We can spend time charmingly elaborating on the end of things, but the festival seems to defy all the pessimistic prognostications. It seems that all is well – and right where it’s supposed to be. The audience flocks to the cinemas, they want to watch films, and they have lots to choose from. The festival programme has a few hundred films, including the classics, Mexican and American cinema, films about art, documentaries, some of them really extreme, but their directors were able to make them, they achieved their goals, so what’s there to cry about? Should we scream, like the protagonist of Cut, that cinema has prostituted itself out when it has simply expanded into new fields and forms? I saw a lot of great films in Wrocław this year, there really is no reason to complain. 

 

Despite apocalypse and reaching bottom being the predominant themes at this year’s festival, you could easily escape the doom and gloom, you just had to choose well, for example Paolo Sorentino’s The Family Friend – a history of a beautiful catastrophe which uses “My Lady Story” by Antony and the Johnsons as a recurring refrain. The maudlin song serves as a theme for Geremia – an eyesore loan shark who lives with his mother and is unable to feel love towards anybody until he meets the beautiful Rosalba, a young woman of principle who doesn’t shy away from making sacrifices.

Geremia is like Shylock, Mussolini, a monster from a Grimm fairytale, he’s a close relation of Andreotti from Sorrentino’s Il Divo. The director makes the loan shark dance and constantly places him in new spaces. With potatoes on his face, Geremia runs around a small Italian town, a monument to fascist architecture; he’s sprawled on the bed and in front of him, a fat lady jumps over balls suspended from the ceiling, trying to imitate an agile volleyball player; he sits behind a desk in a grey workshop, surrounded by tailors and seamstresses, counting small complimentary chocolates that he picked up in bars and institutions. Geremia is a strange man – a tormentor who at first forces himself to accept love and later decided to change under its influence; a man afraid of change who simultaneously quickly adapts to anything that comes his way, even if the change ain’t for the better – an ideal protagonist for Sorrentino who loves crazy renegades, as they’re excellent vessels for his filmic operas, his tales of tensions and wild pleasures. 

Thursday Till Sunday, dir. Domina Sotomayor Castillo, photo: T-Mobile New Horizons

The international jury also resisted the apocalyptic tendencies -- the Grand Prix was awarded to Dominga Sotomayor Castillo for her film Thursday Till Sunday. It’s cinematography that stays away from being self-referential, the film sheds no tears over the current state of cinema. It’s completely different than what Carlos Reygadas does – it’s open, unassuming and has no need for Bach. A simple 2+2 family, mother, father, daughter, son. They go north on vacation in an old station wagon. They stop in bars, pitch their tent in the evenings, swim in the river. The kids sings songs, bicker on the back seat, look out the window, subject their parents to incessant questioning and eavesdrop on them.
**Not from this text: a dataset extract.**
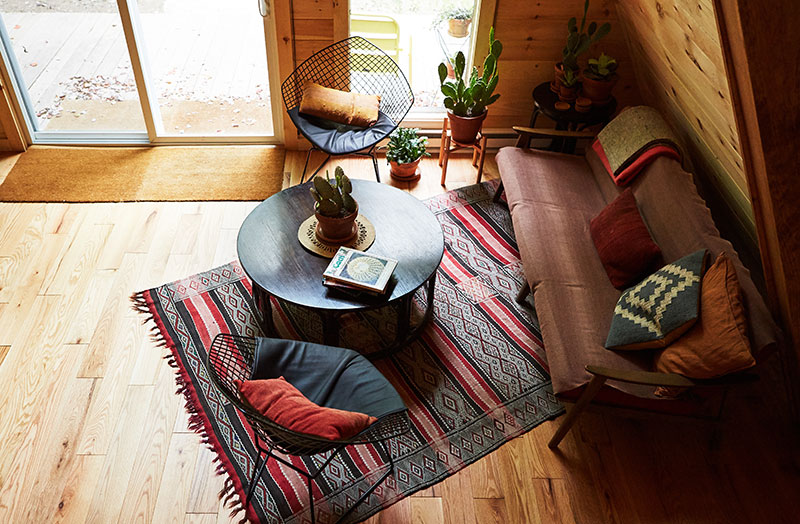An overhead shot of the living room inside of a rental cabin at Camp Caitlin in Honesdale, PA.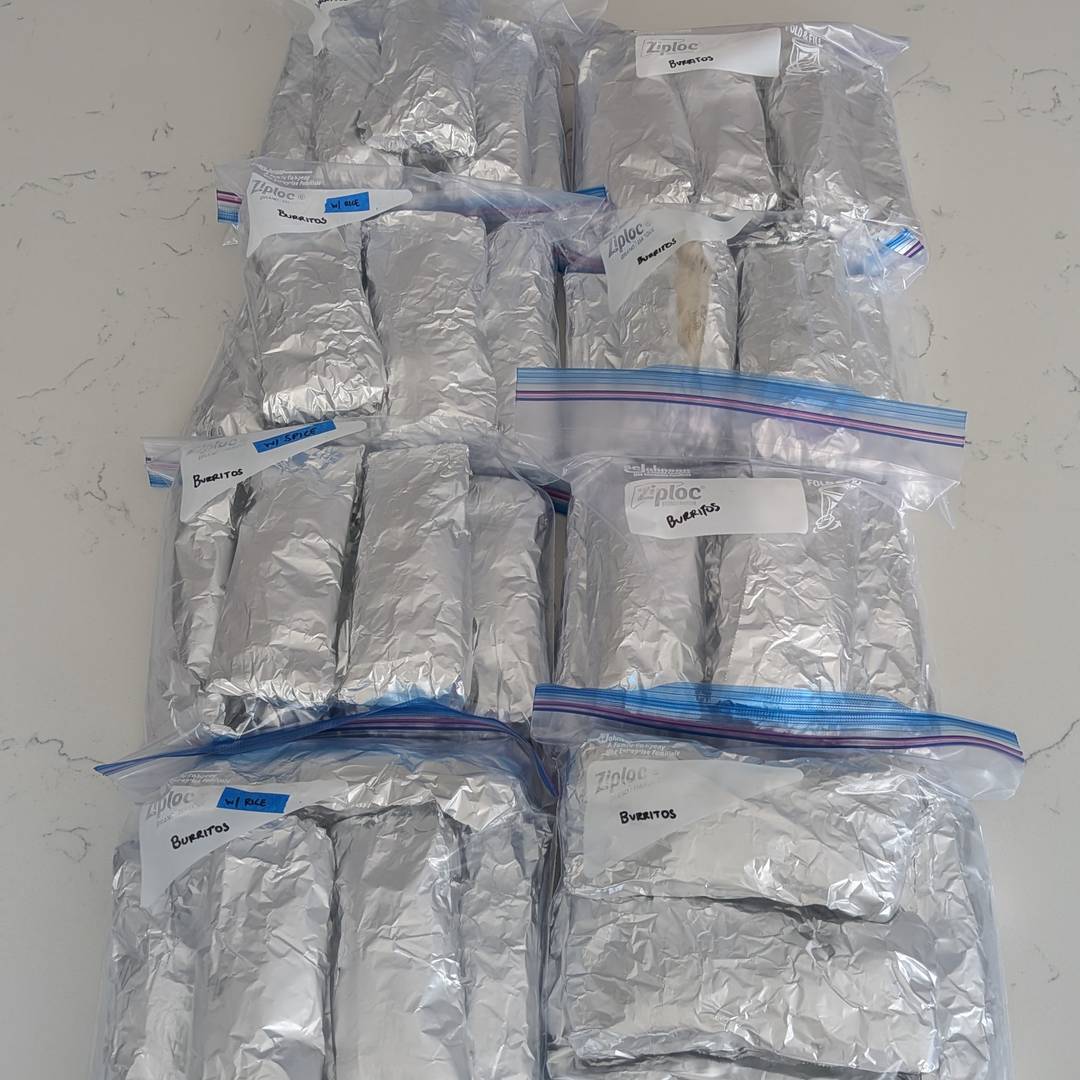 Zipper bags filled with foil-wrapped burritos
The father tries to find an appropriate radio station, mother makes sandwiches on the go. But the parents barely stand looking at each other. Why? It’s hard to say, we’re looking at them from their kids’ perspective, and the grown-ups are masters in hiding their emotions, they speak in hushed tones and keep their distance.

In Thursday Till Sunday the camera is like a child itself, it’s never tired, seems free, fascinated with the world around it, wants to look under every lining, touch everything, and at the same time it keeps hitting the walls built by people from the front seat. And suddenly, something happens – something beyond the kids’ understanding – and this world they’re so familiar with crumbles away. This film, along with its cohorts, embodies the possibilities that are still present in cinematography instead of lamenting its purported demise. If this is an example of some looming end, then I can stand to watch many more of them.